Dicen que las remontadas del Madrid son increíbles, históricas, fantásticas, que Dios está de nuestro lado; dicen también que son pura -puta- suerte, una flor en el culo, ganas de joder -a los antimadridristas-, cosa del gobierno -de Franco-, una conspiración de las altas esferas, árbitros -y VAR- comprados y, por fin, lo peor; que son inexplicables.
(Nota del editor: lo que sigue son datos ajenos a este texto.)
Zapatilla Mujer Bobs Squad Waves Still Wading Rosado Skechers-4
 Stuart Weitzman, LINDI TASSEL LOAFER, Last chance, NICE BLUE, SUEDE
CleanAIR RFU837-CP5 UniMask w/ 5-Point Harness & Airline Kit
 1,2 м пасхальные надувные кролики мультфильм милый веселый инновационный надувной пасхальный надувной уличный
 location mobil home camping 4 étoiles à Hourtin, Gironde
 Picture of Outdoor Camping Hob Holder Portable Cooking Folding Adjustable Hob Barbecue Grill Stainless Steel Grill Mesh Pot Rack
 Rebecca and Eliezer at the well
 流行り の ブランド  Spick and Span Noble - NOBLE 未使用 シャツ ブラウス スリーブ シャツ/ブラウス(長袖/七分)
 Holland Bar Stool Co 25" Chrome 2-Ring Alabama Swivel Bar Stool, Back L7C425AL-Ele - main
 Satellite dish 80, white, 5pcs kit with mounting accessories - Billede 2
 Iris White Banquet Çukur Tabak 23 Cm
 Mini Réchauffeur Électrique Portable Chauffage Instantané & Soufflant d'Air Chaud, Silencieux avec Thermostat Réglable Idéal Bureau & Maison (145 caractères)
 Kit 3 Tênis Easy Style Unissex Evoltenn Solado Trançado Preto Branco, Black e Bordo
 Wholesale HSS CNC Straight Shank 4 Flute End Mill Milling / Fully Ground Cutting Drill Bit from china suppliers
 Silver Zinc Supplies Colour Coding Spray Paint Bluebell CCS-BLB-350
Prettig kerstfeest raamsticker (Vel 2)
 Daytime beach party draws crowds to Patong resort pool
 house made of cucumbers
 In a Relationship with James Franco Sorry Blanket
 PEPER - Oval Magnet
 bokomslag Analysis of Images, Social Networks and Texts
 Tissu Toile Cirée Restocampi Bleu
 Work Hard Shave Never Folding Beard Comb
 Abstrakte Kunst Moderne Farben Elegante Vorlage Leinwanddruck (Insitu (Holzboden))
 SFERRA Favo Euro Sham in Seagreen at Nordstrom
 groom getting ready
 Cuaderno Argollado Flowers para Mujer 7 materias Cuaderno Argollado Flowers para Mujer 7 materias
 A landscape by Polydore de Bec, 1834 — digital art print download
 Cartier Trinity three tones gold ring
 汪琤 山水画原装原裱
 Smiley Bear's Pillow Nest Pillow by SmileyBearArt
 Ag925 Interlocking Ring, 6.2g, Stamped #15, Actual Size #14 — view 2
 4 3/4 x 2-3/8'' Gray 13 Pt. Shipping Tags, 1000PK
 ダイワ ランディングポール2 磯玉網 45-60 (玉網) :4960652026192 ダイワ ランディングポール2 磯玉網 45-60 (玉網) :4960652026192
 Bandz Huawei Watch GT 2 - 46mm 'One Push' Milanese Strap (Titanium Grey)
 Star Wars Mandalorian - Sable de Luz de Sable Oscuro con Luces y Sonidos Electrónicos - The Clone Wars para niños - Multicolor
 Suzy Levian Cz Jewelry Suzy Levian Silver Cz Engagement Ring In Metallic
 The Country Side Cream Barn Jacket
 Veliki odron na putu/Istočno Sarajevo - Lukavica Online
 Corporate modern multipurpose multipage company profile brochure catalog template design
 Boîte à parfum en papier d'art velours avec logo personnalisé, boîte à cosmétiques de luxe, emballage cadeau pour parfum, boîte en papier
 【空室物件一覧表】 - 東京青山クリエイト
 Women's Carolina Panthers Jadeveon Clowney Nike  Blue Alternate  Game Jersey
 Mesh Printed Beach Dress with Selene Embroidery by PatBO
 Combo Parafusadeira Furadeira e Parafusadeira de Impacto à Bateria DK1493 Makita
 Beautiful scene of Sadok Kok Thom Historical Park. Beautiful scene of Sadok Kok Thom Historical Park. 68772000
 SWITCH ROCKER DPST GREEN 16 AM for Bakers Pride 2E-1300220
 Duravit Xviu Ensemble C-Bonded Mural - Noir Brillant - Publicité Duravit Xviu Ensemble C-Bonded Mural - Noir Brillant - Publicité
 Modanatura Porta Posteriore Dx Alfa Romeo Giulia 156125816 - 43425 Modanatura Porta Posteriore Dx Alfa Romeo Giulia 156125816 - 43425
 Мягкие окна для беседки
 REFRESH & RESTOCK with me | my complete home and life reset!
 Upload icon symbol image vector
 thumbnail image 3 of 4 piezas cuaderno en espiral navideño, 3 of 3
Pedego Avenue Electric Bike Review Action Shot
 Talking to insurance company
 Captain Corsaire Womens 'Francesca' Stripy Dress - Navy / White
Dice el Ancelotti, para siempre ya el jubilado italiano de las gafas de sol, el puro en una mano y la Liga 35 en la otra, que lo ocurrido, remontar bajo su mando en el último suspiro a PSG, Chelsea y City para llegar a la final de la Champions, es de difícil explicación. Que a él, el artífice, que no le pregunten. Y se ríe, claro. Que si, Carlo, que si tú no quieres, yo se lo explico…

Todo esto, en mi caso, se remonta a una recién estrenada televisión en una pequeña habitación, en un piso de barrio de la casi floreciente España de los setenta, ochenta y noventa. Y la explicación tiene que ver con la experiencia de esos madridistas veteranos criados en los laureles de la seis Copas de Europa a los que Di Stéfano, la saeta blanca, y otros fenómenos dejaron huérfanos de títulos en Europa. Madridistas, como mi padre, que tuvieron que aprender durante años, que al fútbol, cuando falta el genio, hay que ponerle algo más que tácticas, clase y floritura de pizarra. Así eran, por pura necesidad, las remontadas a golpe de cabezazos de los Santillanas y Hugos, las carreras locas y centros de los Gordillos y Chendos y los chispazos de raza de Juanitos y Buitres que quedaron grabados para siempre en nuestra memoria. La televisión nos permitió verlo en vivo y hacerlo nuestro aunque nunca pisáramos el Santiago Bernabéu. Así que yo, Carlo, uno de esos niños que lo aprendió todo viéndolo junto a su padre en televisión, se lo explico. Las remontadas del Real Madrid, tus remontadas, nuestras remontadas, llegan porque además de espíritu y fe inquebrantable, garra, furia, calidad y acierto los chavales ponen lo que hay que poner. ¡Huevos!